* _RECORDS FOR THE EXERCISE_:

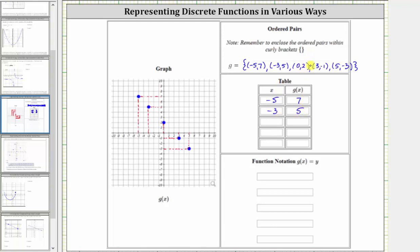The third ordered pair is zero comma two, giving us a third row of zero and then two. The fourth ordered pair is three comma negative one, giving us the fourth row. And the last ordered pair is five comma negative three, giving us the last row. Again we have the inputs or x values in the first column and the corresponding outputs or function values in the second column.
...
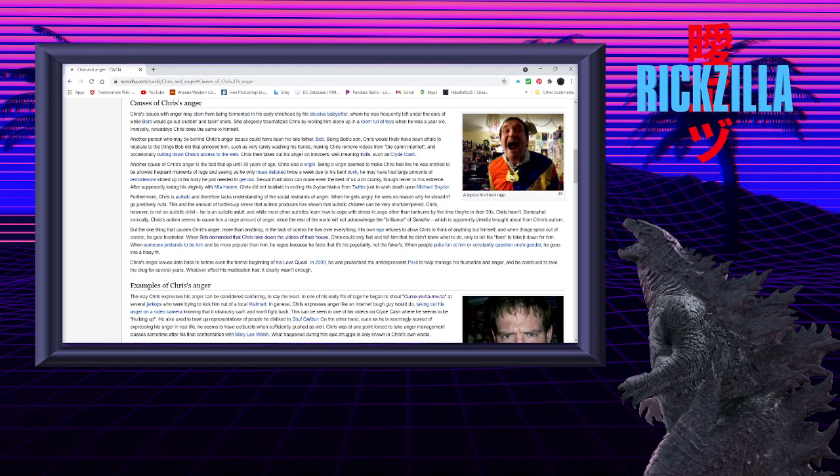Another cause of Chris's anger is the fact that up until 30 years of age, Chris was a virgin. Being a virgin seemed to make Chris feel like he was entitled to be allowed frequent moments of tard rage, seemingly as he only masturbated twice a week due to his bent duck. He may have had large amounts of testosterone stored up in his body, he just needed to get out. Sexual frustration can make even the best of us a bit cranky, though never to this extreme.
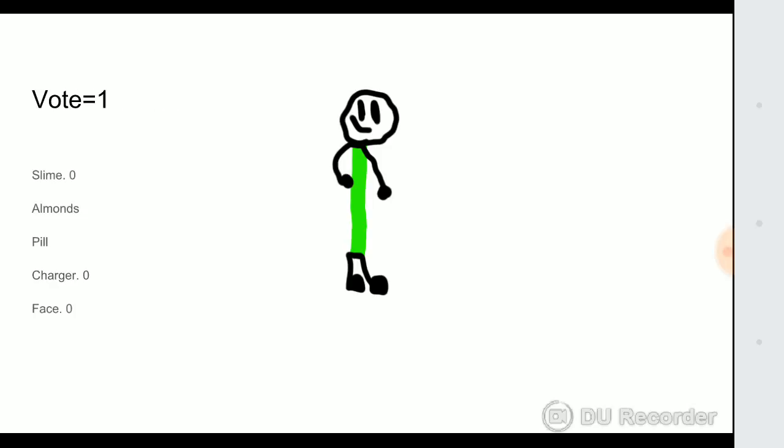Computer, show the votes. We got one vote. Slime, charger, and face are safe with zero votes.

* _TASK TO COMPLETE_: Copy word for word the span of the records above that begins at the line with "Another cause of" and ends at the line with "Computer, show the", including those two lines but not the pictures.

* _ANSWER AREA_:
Another cause of Chris's anger is the fact that up until 30 years of age, Chris was a virgin. Being a virgin seemed to make Chris feel like he was entitled to be allowed frequent moments of tard rage, seemingly as he only masturbated twice a week due to his bent duck. He may have had large amounts of testosterone stored up in his body, he just needed to get out. Sexual frustration can make even the best of us a bit cranky, though never to this extreme.
Computer, show the votes. We got one vote. Slime, charger, and face are safe with zero votes.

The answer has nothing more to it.